• AVAILABLE DATA
━━━

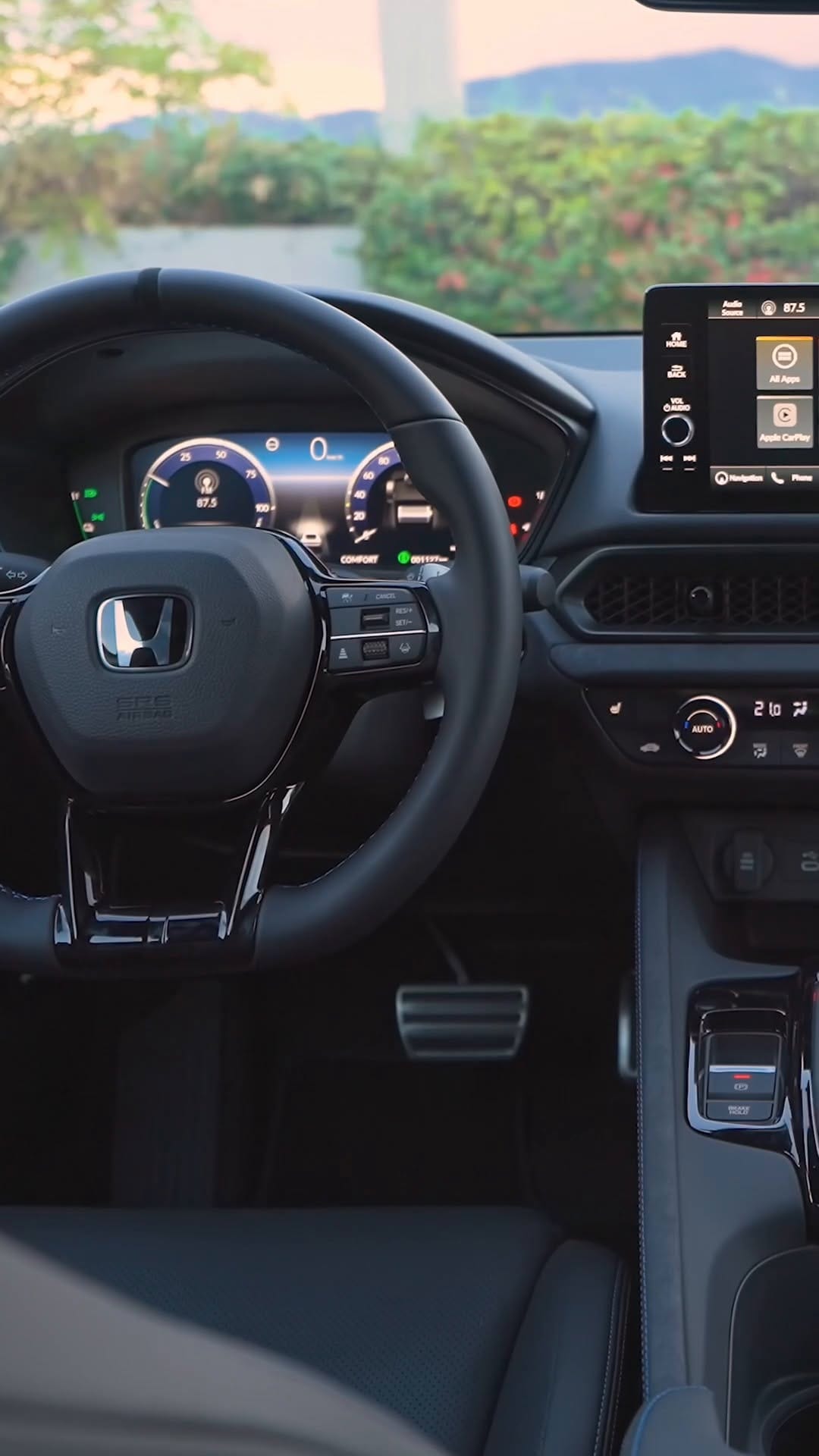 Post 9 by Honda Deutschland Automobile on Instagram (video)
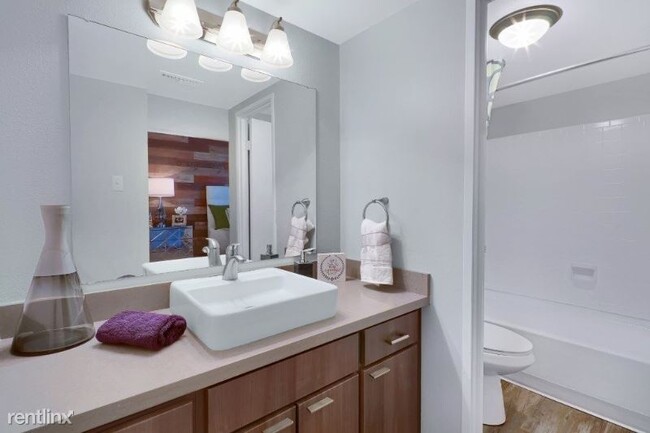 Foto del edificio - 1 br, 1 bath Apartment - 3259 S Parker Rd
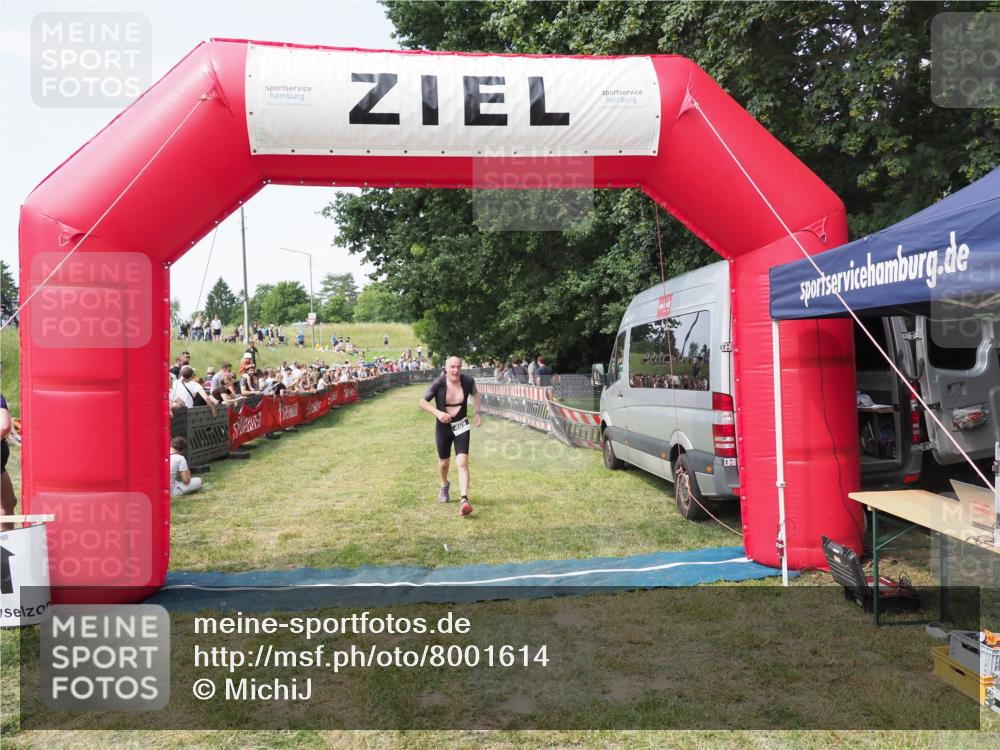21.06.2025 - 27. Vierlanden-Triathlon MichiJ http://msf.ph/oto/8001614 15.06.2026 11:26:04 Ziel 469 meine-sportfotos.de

━━━

• EXERCISE OBJECTIVE
Pictures are to be left out; all other data must be returned exactly.

• FINISHED EXERCISE
 Post 9 by Honda Deutschland Automobile on Instagram (video)
 Foto del edificio - 1 br, 1 bath Apartment - 3259 S Parker Rd
21.06.2025 - 27. Vierlanden-Triathlon MichiJ http://msf.ph/oto/8001614 15.06.2026 11:26:04 Ziel 469 meine-sportfotos.de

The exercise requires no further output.